▶ [Work order]: Restate the data below word for word, and let no image into your version.

▶ [Extracted data entries]:
=== Begin Enclosure ===

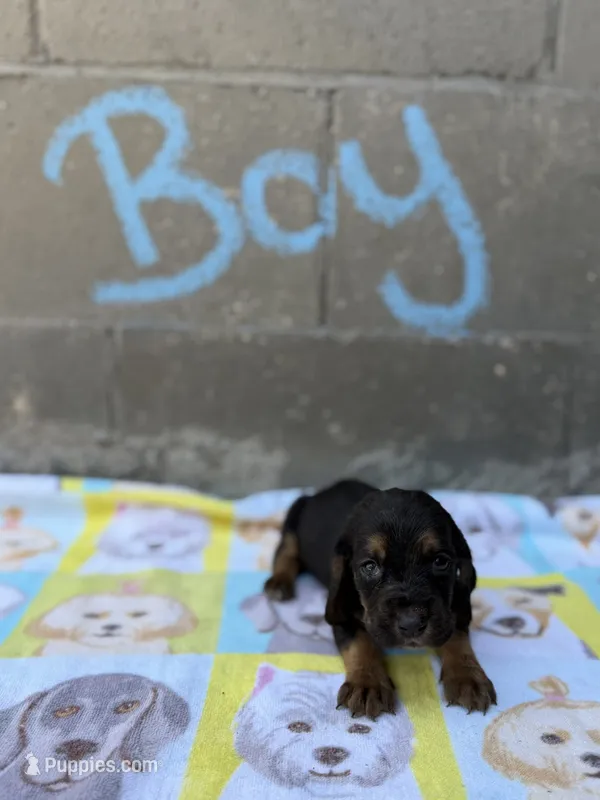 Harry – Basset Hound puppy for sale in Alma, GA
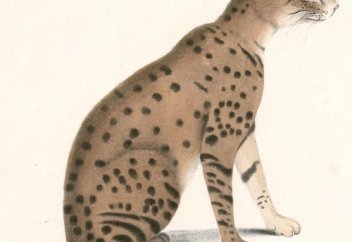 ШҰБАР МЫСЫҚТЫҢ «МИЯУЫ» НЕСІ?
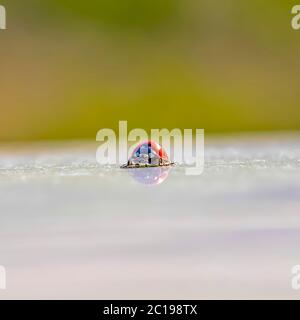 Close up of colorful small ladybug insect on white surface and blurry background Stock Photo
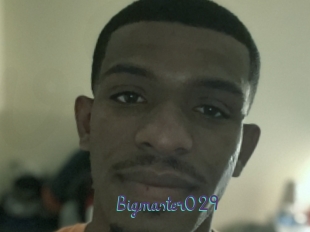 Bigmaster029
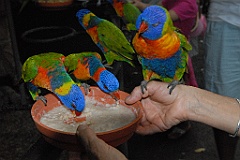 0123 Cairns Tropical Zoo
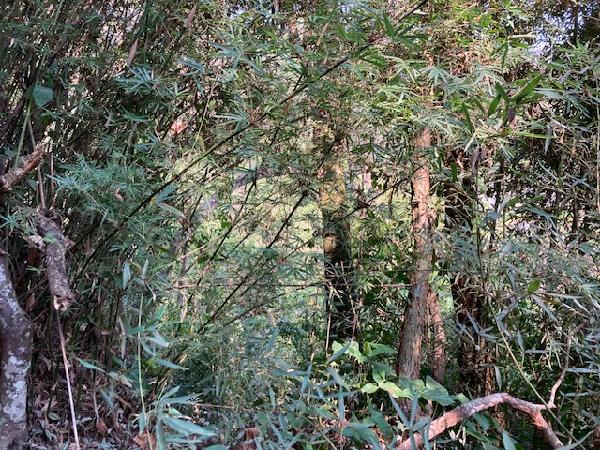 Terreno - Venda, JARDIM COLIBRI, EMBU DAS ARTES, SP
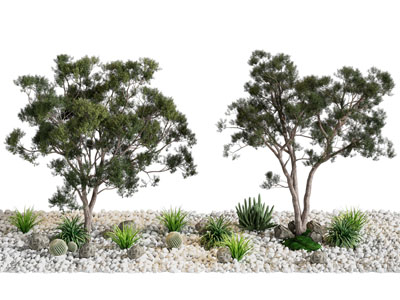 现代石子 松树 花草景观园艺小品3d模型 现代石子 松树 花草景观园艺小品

=== End Enclosure ===

▶ [Result]:
 Harry – Basset Hound puppy for sale in Alma, GA
 ШҰБАР МЫСЫҚТЫҢ «МИЯУЫ» НЕСІ?
 Close up of colorful small ladybug insect on white surface and blurry background Stock Photo
 Bigmaster029
 0123 Cairns Tropical Zoo
 Terreno - Venda, JARDIM COLIBRI, EMBU DAS ARTES, SP
 现代石子 松树 花草景观园艺小品3d模型 现代石子 松树 花草景观园艺小品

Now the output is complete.